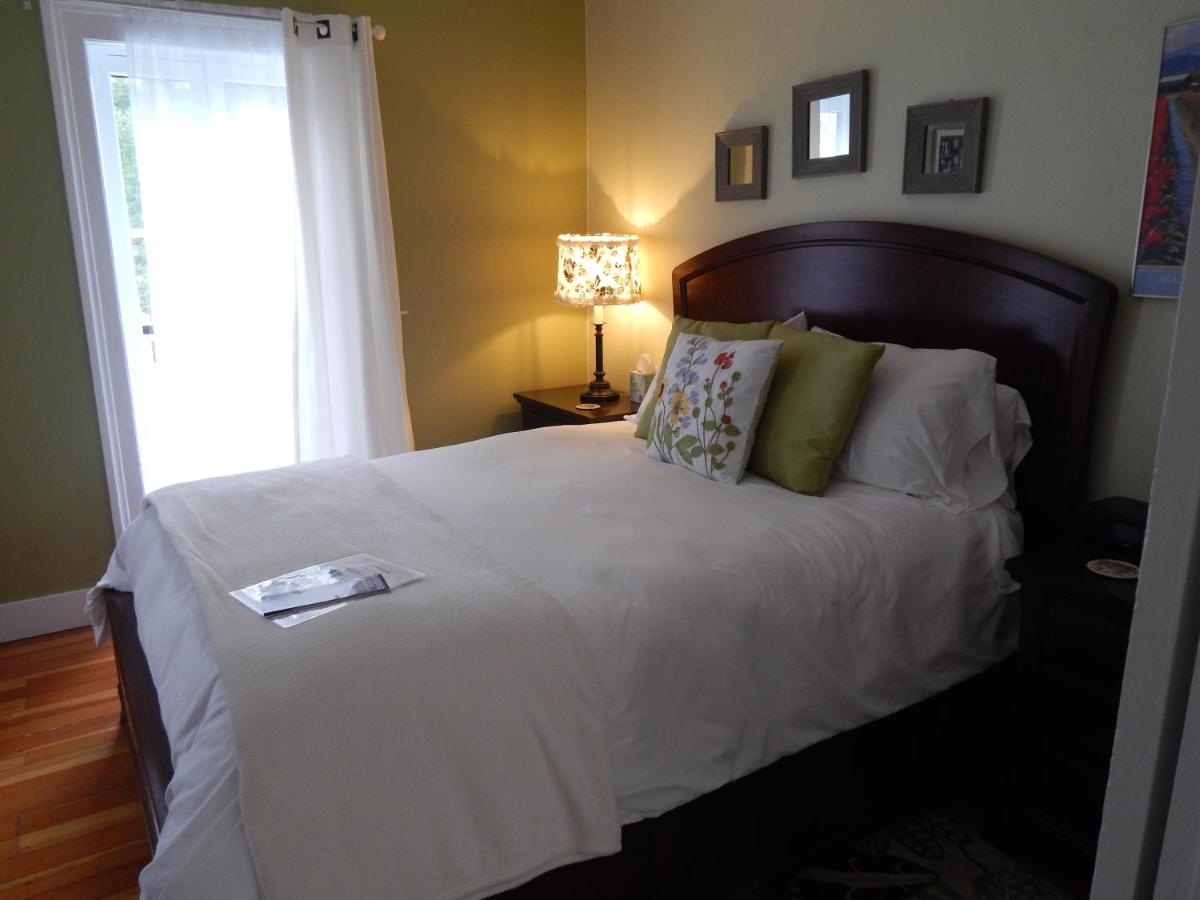 | Katys Inn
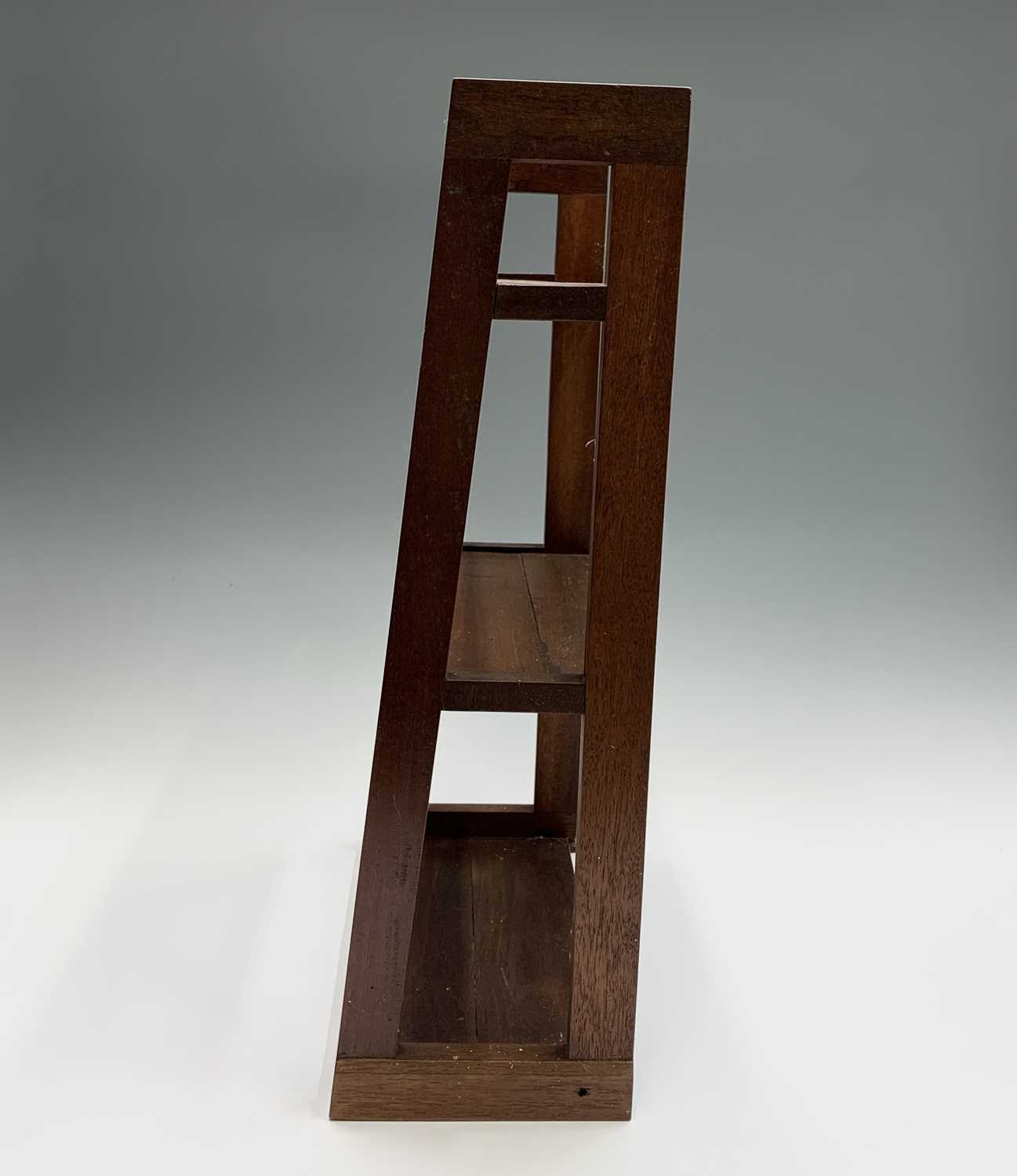An Edwardian mahogany small display shelf, with three tiers and tapered supports, height 54cm, width - Image 4 of 4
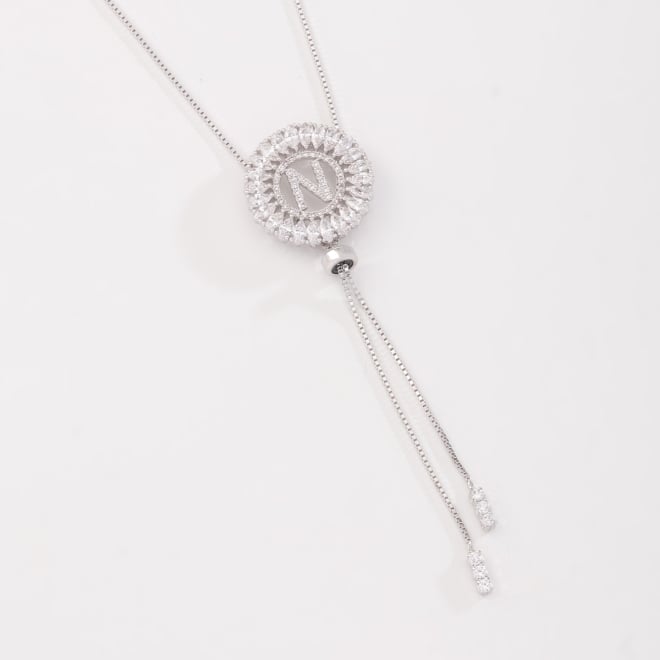 OUTGB-2517 COLAR AJUSTÁVEL FOLHEADO A RÓDIO BRANCO COM LETRA CRAVEJADA EM ZIRCÔNIAS E DETALHE EM GOTA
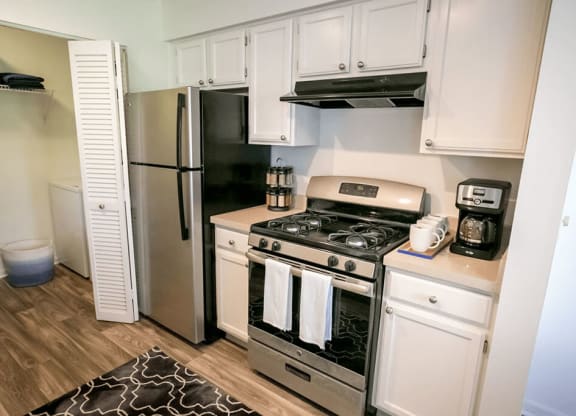 Fully Equipped Kitchen at The Residence at Christopher Wren Apartments, Columbus, OH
● ● ● ● ● ● ●
Problem statement: Exclude every picture, then reproduce the remaining data character for character.

Expected answer:
 | Katys Inn
An Edwardian mahogany small display shelf, with three tiers and tapered supports, height 54cm, width - Image 4 of 4
 OUTGB-2517 COLAR AJUSTÁVEL FOLHEADO A RÓDIO BRANCO COM LETRA CRAVEJADA EM ZIRCÔNIAS E DETALHE EM GOTA
 Fully Equipped Kitchen at The Residence at Christopher Wren Apartments, Columbus, OH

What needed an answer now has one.